Are you sending to the same page or are you sending to a form handler and redirecting to the form page?
Do you want to send by get or post?

You're going to want to use AJAX to call a php script from your page and then use the php script to query your database and to echo the results back to the page.

<html>
    <head>
        <script src="//ajax.googleapis.com/ajax/libs/jquery/1.8.0/jquery.min.js"></script>
        <script type="text/javascript">
            function searchOccupation () {
                $.ajax({
                    url: "searchOccupation.php?search=" + $('#searchTxt').attr('value'),
                    success: function (data) {
                        alert(data);
                    }
                });
            }
    </script>
    </head>
    <body>
        <input type="text" id="searchTxt">
        <input type="button" value="Search" id="searchBtn" onclick="searchOccupation()">
    </body>
    </html>

Then your php script (whose name should match that in the "url" field of the ajax call (in this case it should be named "searchOccupation.php") will look like this:

<?php
    $searchTxt = $_GET['search'];
    $con = new mysqli('server', 'user', 'password', 'database');
    if (!$con) {die("failed to connect: " . $con->connect_error;)}
    $sql = "SELECT * FROM tableName WHERE occupation = '" . $searchTxt . "'";
    $result = $con->query($sql);
    if (!$result) {die("No result set");}
    while($row = $result->fetch_assoc()) {
        echo $row['firstName'];  //This sends data back to the page 
    } 
?>

So what's the problem? Jack's solution should work fine for you, just drop the JavaScript part, it's not necessary, just prevents a page reload.
The only thing that's missing is your <form> tag from what I see.

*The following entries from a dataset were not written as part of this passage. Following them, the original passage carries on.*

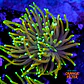 Euphyllia dragon soul  - Thumbnail 1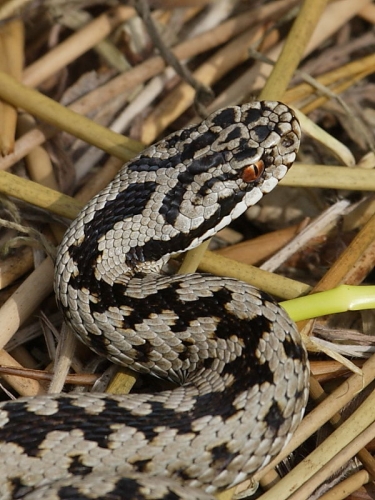 Adder (Vipera berus)
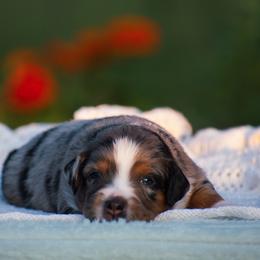 Theo - Blue merle male Miniature American Shepherd puppy in Chocowinity, North Carolina from Foxtail Hollow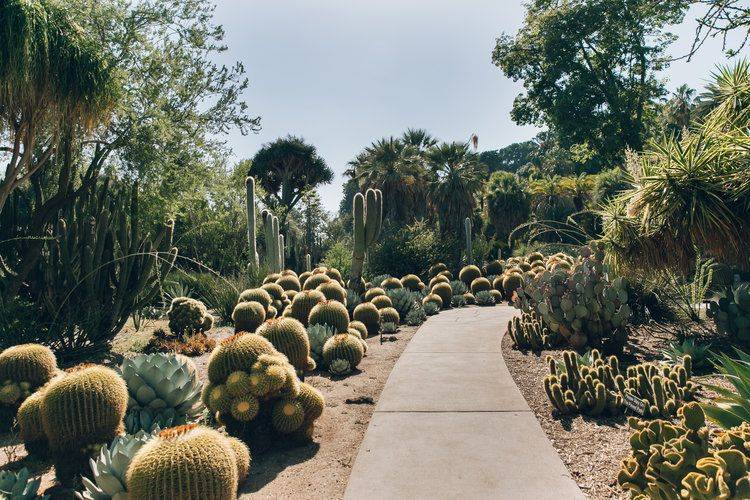 Desert Botanical Garden Phoenix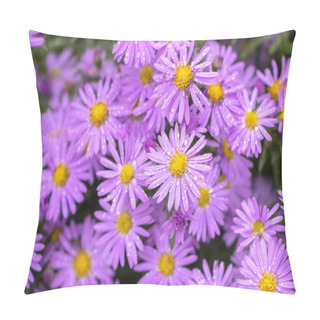 Personality  Purple Flowers Of Italian Asters, Michaelmas Daisy (Aster Amellus), Known As Italian Starwort, Fall Aster, Violet Blossom Growing In Garden, Italy. Soft Focus. Pillow Covers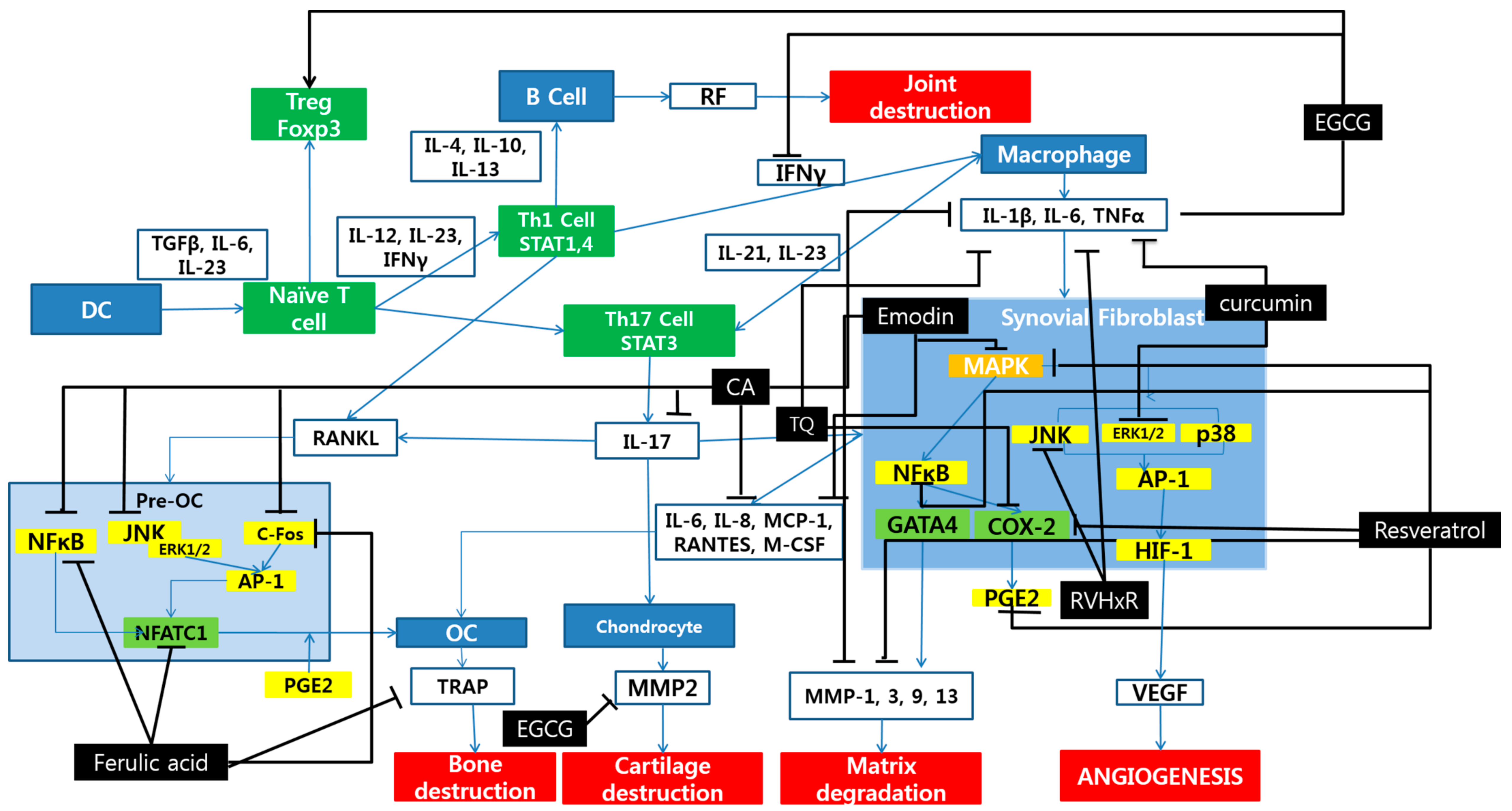Molecules 24 01589 g001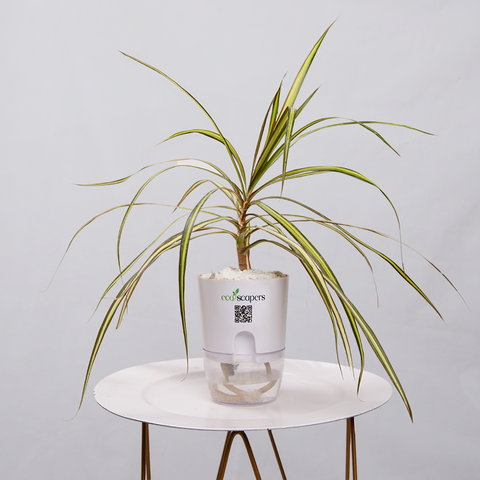 Dracaena marginata Madagascar multicolour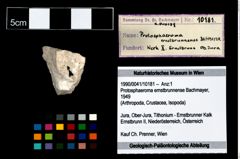 Foto (Objekt + Etikett) von Protosphaeroma ernstbrunnense (Bachmayer, 1949)  (NHMW-GEO-1990-0041-10181)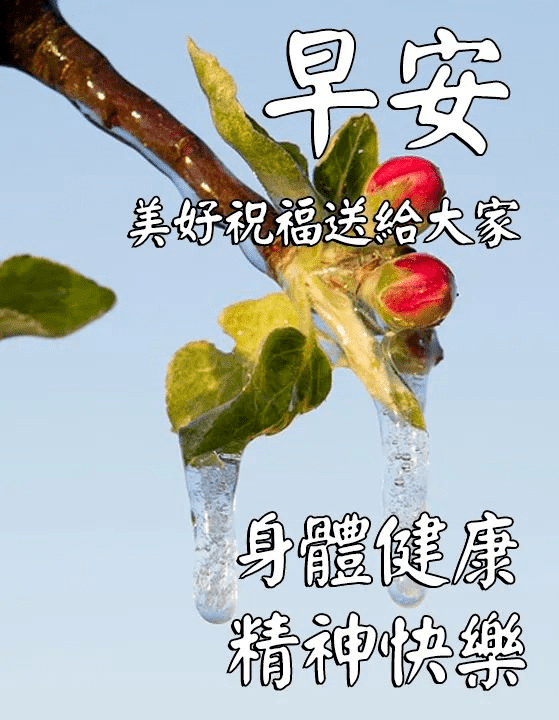 原創早上好問候語帶圖片早安祝福語陽光圖片表情大全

<form id="[your form id here]" action="[page filename here]" method="get">
    <!-- your SELECT element goes here -->
</form>
<?php
if(!empty($_GET['listing'])) {
    $searchTxt = mysql_real_escape_string($_GET['listing']);
    $con = new mysqli('server', 'user', 'password', 'database');
    if (!$con) {die("failed to connect: " . $con->connect_error;)}
    $sql = "SELECT * FROM tableName WHERE fieldname = '" . $searchTxt . "'"; // edit tablename and fieldname as needed
    $result = $con->query($sql);
    if (!$result) {die("No result set");}
    while($row = $result->fetch_assoc()) {
        echo $row['firstName'];  // change firstName as needed, use more echo statements for all data you need to output 
    }
}

Your terminology is really confusing. It seems we've covered all that. My last script (which is just a modification of jacksparrow0109's) along with the <select> element I showed in my first post shows exactly how to use a "dropdown" (aka SELECT tag/element) which print results to the same page based on the user's selection.